First Bump In The Road

By Charles Payne, CEO & Principal Analyst
11/29/2016 9:35 AM

Yesterday was the first real bump in the road for the Trump Rally. The market struggled to gain traction, and some names and sectors absorbed big hits. In addition, banks were under a fair amount of pressure and Vulcan Materials (VMC) suffered a 5.7% decline. The stock changed hands at $106 on October 7th and went parabolic after the election, which spiked all the way up to $136.00.  A 50% retracement of that move would land the stock at $121, where I think it would be a screaming buy.

Another sign of investors' doubt came courtesy of the energy sector.
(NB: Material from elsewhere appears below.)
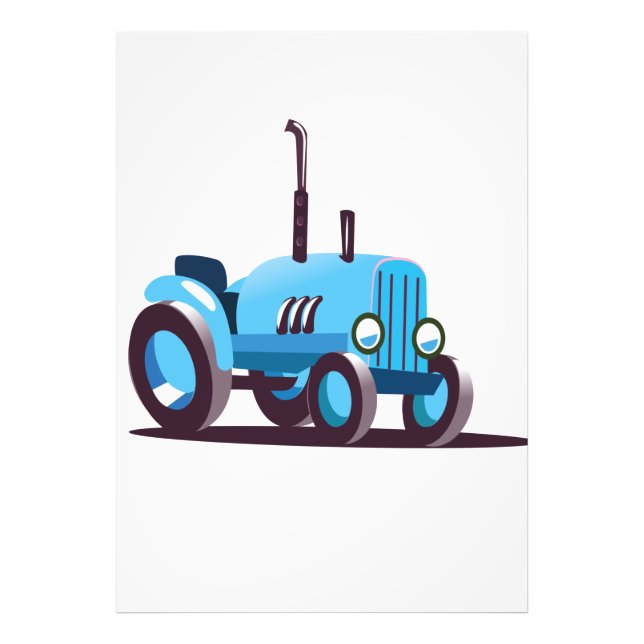 Niedlich-Blue-Traktor Fotodruck (Vorne)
West Texas Intermediate (WTI) edged up 2%, but the energy sector suffered the largest loss among S&P 500 sectors.  Although energy was down 1.5%, it’s still the biggest winning sector for the year. Perhaps investors decided it was wise to ring the register rather than put all their hopes into Saudi Arabia and Russia cobbling together a crude production deal.

Furthermore, underscoring the cautious nature of yesterday’s session was the 2% spike in the utilities sector, building on the momentum that began last week.

Of course, the spike in anxiety is not just about the Trump Rally stalling; this is also jobs report week, and there is always a fair amount of fretting.

Key Support Levels

On that note, key support for the major indices and possible entry points on weakness include:

Meanwhile, if you’re afraid to chase winners, consider the news after the bell.

United Health (UNH), up 29% YTD, surged on strong 2017 guidance.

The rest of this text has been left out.